More importantly, the game was developed in 1999, a year after Saving Private Ryan hit theatres. It was a few months before Medal of Honor would start the avalanche of WW2 games that would become a hallmark of the era. The time was right, but there are plenty of reasons why few remember World War II G.I. Heck, at this point, Medal of Honor hasn’t been a household name in nearly a decade.
I hope I don’t get these screenshots mixed up with Nam
It’s bold for World War II G.I. to open with D-Day. Medal of Honor: Frontline in 2002 would do the same, and it’s an effective but extremely unfriendly way to introduce players to a game. What makes matters worse is that World War II G.I. did it without thinking it through. It’s not that D-Day is the best way to open a WW2 game, and it’s not that the devs considered how to implement it in a way that gave a good point of entry; it’s here because they really liked that scene in Saving Private Ryan.
It really sucks. This is not just because the Nazis are defending a fortified position but because your squadmates will gladly shoot you in the back. Constantly. You might not even realize why you’re dying, at first. It will probably take some time for you to figure out where you’re getting shot from. But let me tell you, your fellow soldiers really hate your guts.
Thankfully, friendly fire isn’t quite the problem it was in Nam. The game had your allies raining artillery shells and bombs down on your position, and there was little you could do to avoid exploding. World War II G.I. tones this down a lot. It’s still there. You’ll still randomly explode. But it’s nowhere near the problem it was in its predecessor.
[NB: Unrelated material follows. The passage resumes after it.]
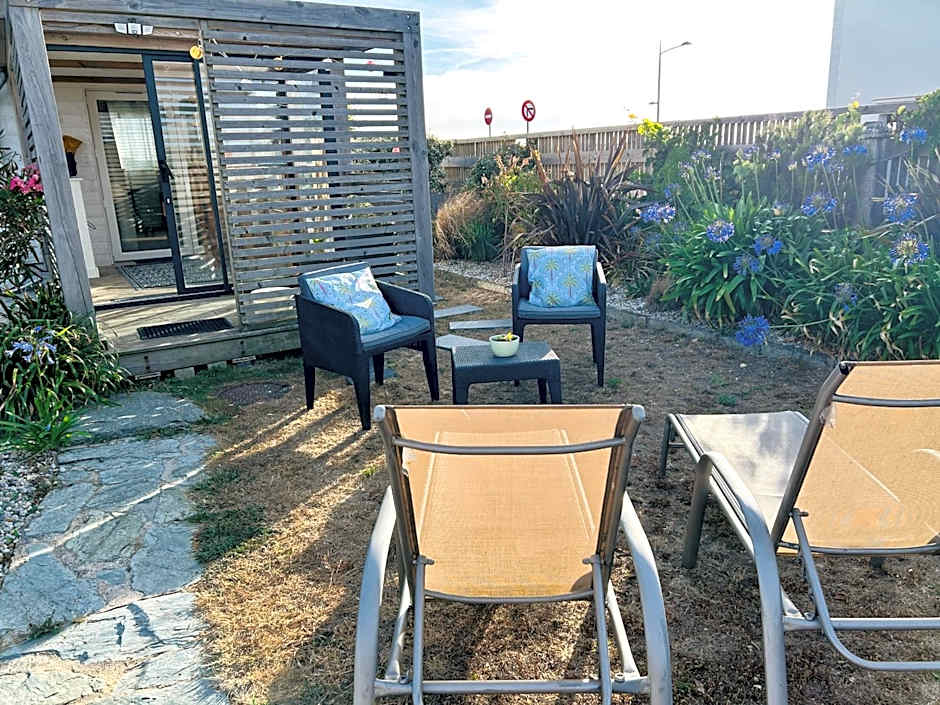 "La Cabine" côté mer et côté jardin à la VILLA PLEIN VENT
Meanwhile, there are also fewer mines. The undergrowth of Nam was littered with landmines ready to separate you from your legs. Again, World War II G.I. still has landmines, and they’re just as annoying, but they’re generally clustered in positions that are off the path. I mean, not to tell the Nazis how to do their job, but I feel like this is the opposite of how you want to place landmines. Still, it makes for a much more enjoyable experience.
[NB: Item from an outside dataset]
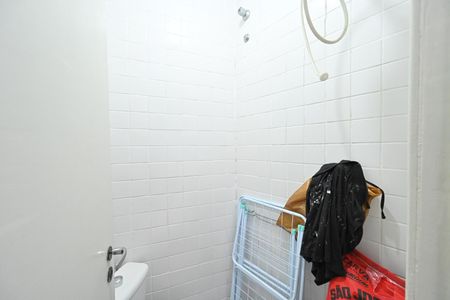 Casa de condomínio à venda com 127m², 3 quartos e 2 vagas Casa de condomínio à venda com 127m², 3 quartos e 2 vagasBanheiro de Serviço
For that matter, the experience in World War II G.I. is, in general, leagues better than Nam. That’s a pretty low bar to step over, and it’s still not a very fun game, but you can tell the team is more experienced. Levels are a bit more intricate while also being more realistic about what the Build Engine can actually do. It still looks like a mod for Duke Nukem 3D, and the edges are still very rough, but it’s still a lot better than Nam.
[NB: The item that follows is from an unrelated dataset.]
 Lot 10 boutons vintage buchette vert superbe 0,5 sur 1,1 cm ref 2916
Still, your quicksave button is going to get quite the workout. It still has a lot of the same problems that Nam had, especially because the developers liked to hide Nazis in the trees. The maps are still too big an open, so your gun’s spread is a constant obstacle that has no easy way of being overcome. Simply spraying your Thompson in the direction of where you think there might be Nazis is actually a workable strategy. Ammo is abundant, so why not just spray and pray?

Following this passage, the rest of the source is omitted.